Google maps made it super easy to find, however finding a park wasn't as easy. The carpark was full - it seemed everyone had the same idea to visit the beach.
The walk begins by crossing over a style before heading down a well maintained walking track. I understood why the track was nice and wide when I saw the volume of people passing to and fro.
Shortly into the walk the impressive views appeared. The ocean stretched for miles and the water was a brilliant blue. The rugged Otago coastline provided a rich contrast with it's towering golden cliffs.
The path continued steeply downwards, I deliberately didn't think about how the walk back up might be! Denial can be a good thing!
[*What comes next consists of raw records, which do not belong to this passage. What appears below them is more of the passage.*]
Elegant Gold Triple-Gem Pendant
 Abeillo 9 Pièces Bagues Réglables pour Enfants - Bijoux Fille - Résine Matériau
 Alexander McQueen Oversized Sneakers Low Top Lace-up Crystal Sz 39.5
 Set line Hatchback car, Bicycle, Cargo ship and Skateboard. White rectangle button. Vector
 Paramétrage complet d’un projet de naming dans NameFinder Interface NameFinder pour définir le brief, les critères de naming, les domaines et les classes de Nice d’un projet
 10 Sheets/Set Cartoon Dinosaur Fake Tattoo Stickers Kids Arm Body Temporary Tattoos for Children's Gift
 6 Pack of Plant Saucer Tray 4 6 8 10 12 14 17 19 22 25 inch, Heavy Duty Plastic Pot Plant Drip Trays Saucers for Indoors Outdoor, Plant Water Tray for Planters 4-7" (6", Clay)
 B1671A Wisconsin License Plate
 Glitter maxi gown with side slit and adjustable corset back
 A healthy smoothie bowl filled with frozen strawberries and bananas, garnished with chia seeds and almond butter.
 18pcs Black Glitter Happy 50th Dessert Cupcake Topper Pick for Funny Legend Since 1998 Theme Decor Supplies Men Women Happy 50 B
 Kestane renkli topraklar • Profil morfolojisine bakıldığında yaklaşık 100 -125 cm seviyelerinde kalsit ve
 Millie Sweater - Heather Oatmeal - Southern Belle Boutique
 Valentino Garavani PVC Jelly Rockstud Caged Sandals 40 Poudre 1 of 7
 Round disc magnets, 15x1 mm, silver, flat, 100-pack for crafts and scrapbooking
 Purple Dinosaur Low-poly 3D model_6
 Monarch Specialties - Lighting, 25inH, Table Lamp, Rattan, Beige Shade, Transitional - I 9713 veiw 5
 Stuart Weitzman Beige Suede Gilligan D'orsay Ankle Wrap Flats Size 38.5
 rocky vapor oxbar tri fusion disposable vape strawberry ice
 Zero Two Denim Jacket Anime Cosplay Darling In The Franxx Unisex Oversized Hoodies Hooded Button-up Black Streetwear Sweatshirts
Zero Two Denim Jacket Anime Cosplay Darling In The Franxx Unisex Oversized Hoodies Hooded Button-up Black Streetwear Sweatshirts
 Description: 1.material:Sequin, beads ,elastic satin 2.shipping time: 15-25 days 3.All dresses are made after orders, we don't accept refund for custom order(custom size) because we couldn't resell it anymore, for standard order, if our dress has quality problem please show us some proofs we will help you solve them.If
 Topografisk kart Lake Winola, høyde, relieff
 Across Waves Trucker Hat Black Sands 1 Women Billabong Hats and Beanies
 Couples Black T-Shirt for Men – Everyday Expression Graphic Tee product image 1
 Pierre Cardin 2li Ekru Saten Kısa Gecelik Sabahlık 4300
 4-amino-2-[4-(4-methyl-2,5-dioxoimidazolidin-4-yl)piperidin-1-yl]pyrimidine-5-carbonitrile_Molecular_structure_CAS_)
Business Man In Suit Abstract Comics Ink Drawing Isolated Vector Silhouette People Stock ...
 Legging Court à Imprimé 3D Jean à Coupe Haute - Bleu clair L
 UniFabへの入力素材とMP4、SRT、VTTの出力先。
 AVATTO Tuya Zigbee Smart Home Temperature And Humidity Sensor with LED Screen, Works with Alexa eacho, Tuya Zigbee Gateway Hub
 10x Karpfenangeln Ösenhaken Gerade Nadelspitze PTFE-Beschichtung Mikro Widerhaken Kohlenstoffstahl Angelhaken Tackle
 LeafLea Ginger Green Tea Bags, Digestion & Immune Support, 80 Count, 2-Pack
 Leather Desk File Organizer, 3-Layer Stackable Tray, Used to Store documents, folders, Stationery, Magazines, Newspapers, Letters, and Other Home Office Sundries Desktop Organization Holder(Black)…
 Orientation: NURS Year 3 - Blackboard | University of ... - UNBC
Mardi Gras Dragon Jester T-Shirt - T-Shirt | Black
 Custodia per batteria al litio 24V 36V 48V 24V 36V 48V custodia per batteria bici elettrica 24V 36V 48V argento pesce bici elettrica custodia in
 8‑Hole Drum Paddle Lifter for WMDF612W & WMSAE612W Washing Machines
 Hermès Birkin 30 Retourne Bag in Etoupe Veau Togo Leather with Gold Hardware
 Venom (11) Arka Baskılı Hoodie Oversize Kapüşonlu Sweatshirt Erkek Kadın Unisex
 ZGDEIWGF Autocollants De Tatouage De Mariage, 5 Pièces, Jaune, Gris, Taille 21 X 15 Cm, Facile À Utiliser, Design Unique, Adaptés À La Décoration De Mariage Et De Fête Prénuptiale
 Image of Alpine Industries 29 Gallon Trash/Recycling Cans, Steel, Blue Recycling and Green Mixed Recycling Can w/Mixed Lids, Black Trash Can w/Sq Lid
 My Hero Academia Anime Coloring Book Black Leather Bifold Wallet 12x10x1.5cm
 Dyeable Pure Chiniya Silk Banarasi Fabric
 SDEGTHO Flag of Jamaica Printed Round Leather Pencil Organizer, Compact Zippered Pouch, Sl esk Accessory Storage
Some folk obviously aren't fazed by heights! Without any barriers around the cliff's edges it was a little freaky seeing how close some people were willing to stand near the edge.
In the 1870s John Cargill commissioned for a tunnel to be dug down to a secluded beach so his family could swim in privacy. Massive sandstone boulders loom above and surround the rocky cove.
As the tide came in the waves were smashing against the huge sandstone sea-arch. The power of the water was mesmerising. It was easy to understand how the sea had played a major part in shaping the cliffs over many years.
The entrance to the tunnel is partially concealed by vegetation. It was narrow, dark and damp, I counted 73 steps leading down to the beach.
And just like most tourist spots nowadays - someone had their selfie-stick!
And then there was the guy dressed up in a costume posing for a photographer.
People enjoyed the magnificent views while having a breather before tackling the the uphill walk back.
I could easily have spent another few hours admiring the view and watching the sea pounding in but it was time to face the hill!